**Your instructions**
The lines from the one with "Vintage t-shirt with pocket and elastane" through the last line of the material below, copied exactly and free of pictures, make up the whole answer.

══ Data extract

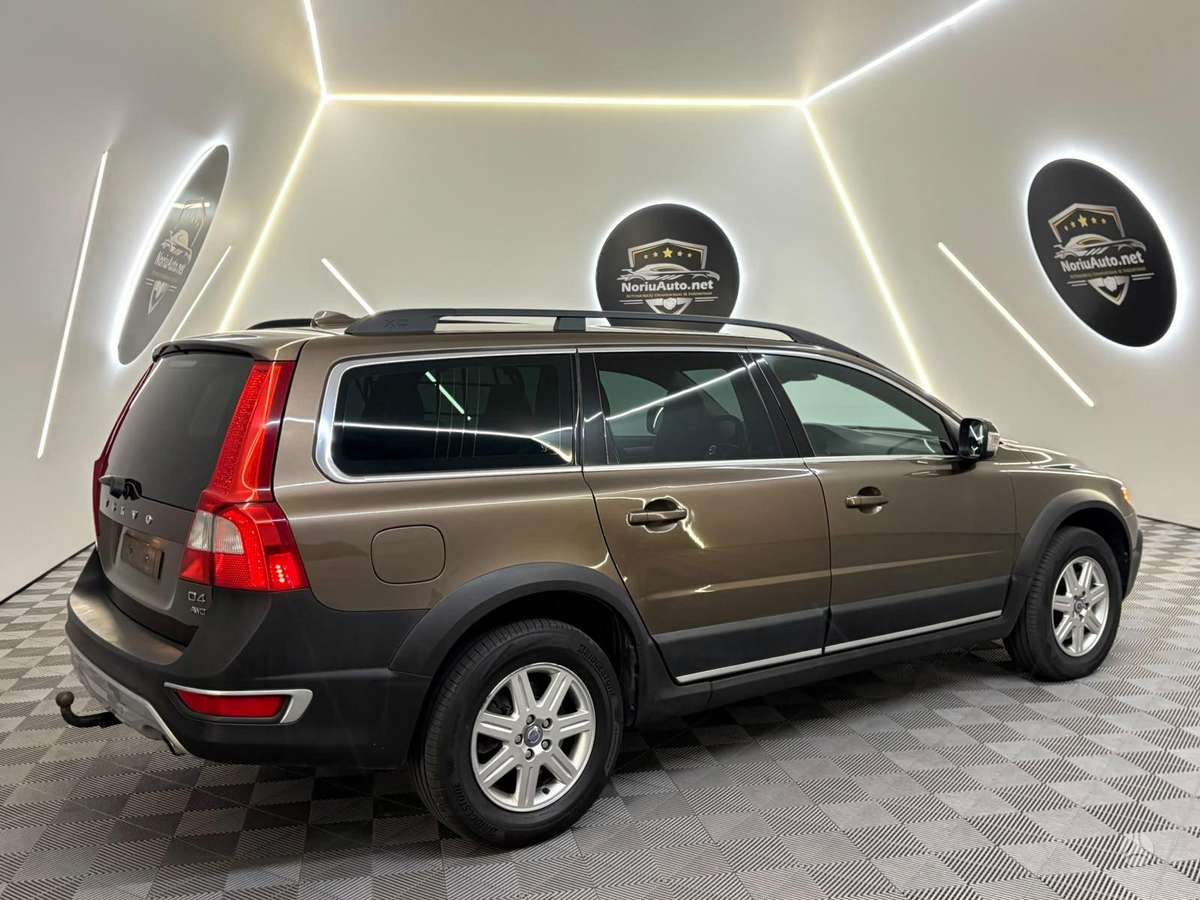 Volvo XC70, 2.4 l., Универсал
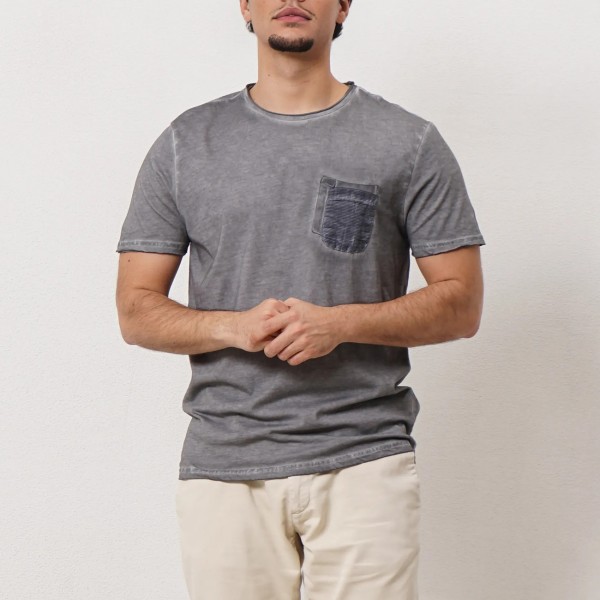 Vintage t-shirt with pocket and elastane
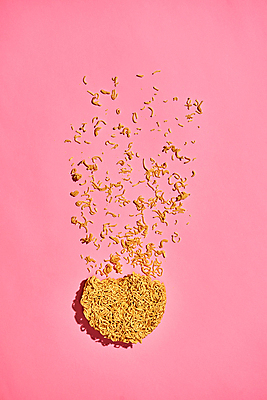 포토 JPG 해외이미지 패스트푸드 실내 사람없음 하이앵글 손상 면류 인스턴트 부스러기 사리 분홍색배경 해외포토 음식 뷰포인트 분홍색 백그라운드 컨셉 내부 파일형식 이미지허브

════

**Solution to this exercise**
 Vintage t-shirt with pocket and elastane
 포토 JPG 해외이미지 패스트푸드 실내 사람없음 하이앵글 손상 면류 인스턴트 부스러기 사리 분홍색배경 해외포토 음식 뷰포인트 분홍색 백그라운드 컨셉 내부 파일형식 이미지허브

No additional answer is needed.